### PROBLEM TO SOLVE:
Write out the records word for word, with no pictures.

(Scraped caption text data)
=== Begin Enclosure ===
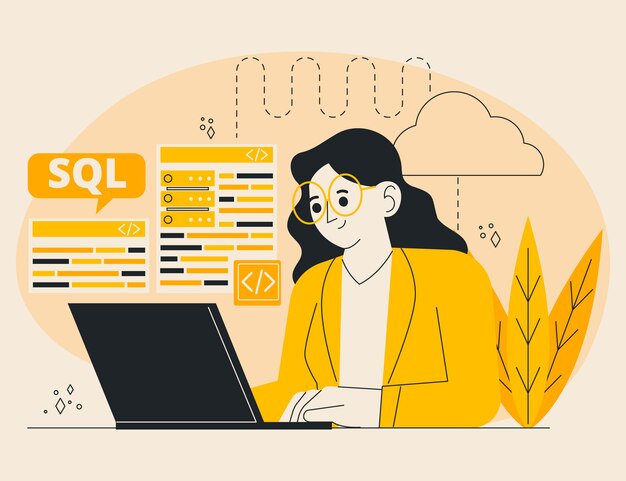 Hand drawn flat design sql illustration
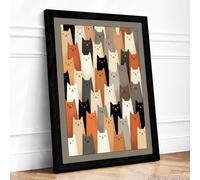 Geometric Cat Pattern Modern Framed Wall Art Print A1 (84.1×59.4cm) Black, Wall Decor for Living Room, Bedroom, Office & Home, Ready to Hang, Art Gift
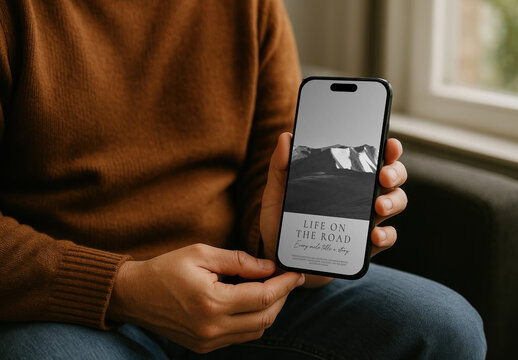 Smartphone Mockup Travel Inspiration Image PSD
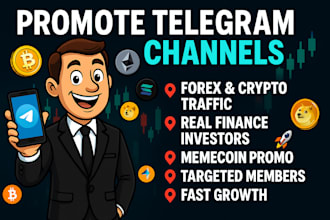 promote forex, crypto investment, finance, memecoin telegram group or channel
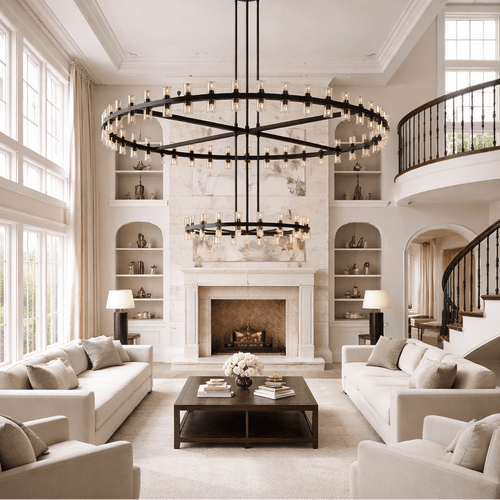 Arcachoe Round Two - tierd Wagon Wheel Chandelier - fovolighting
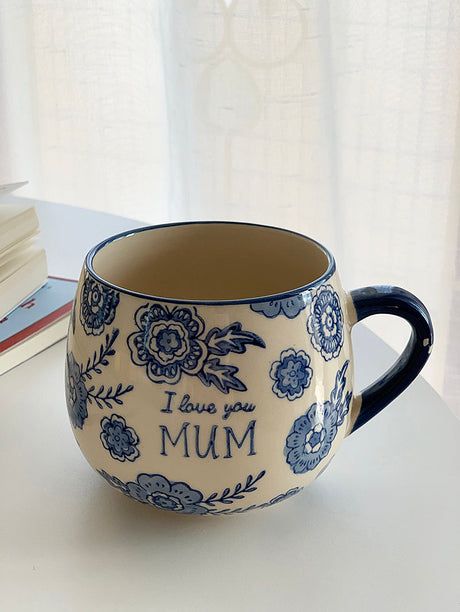 YASUKI Benjamin Elegant Blue-and-White Ceramic Coffee Cup from YASUKI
=== End Enclosure ===
### TASK RESPONSE:
 Hand drawn flat design sql illustration
 Geometric Cat Pattern Modern Framed Wall Art Print A1 (84.1×59.4cm) Black, Wall Decor for Living Room, Bedroom, Office & Home, Ready to Hang, Art Gift
 Smartphone Mockup Travel Inspiration Image PSD
 promote forex, crypto investment, finance, memecoin telegram group or channel
 Arcachoe Round Two - tierd Wagon Wheel Chandelier - fovolighting
 YASUKI Benjamin Elegant Blue-and-White Ceramic Coffee Cup from YASUKI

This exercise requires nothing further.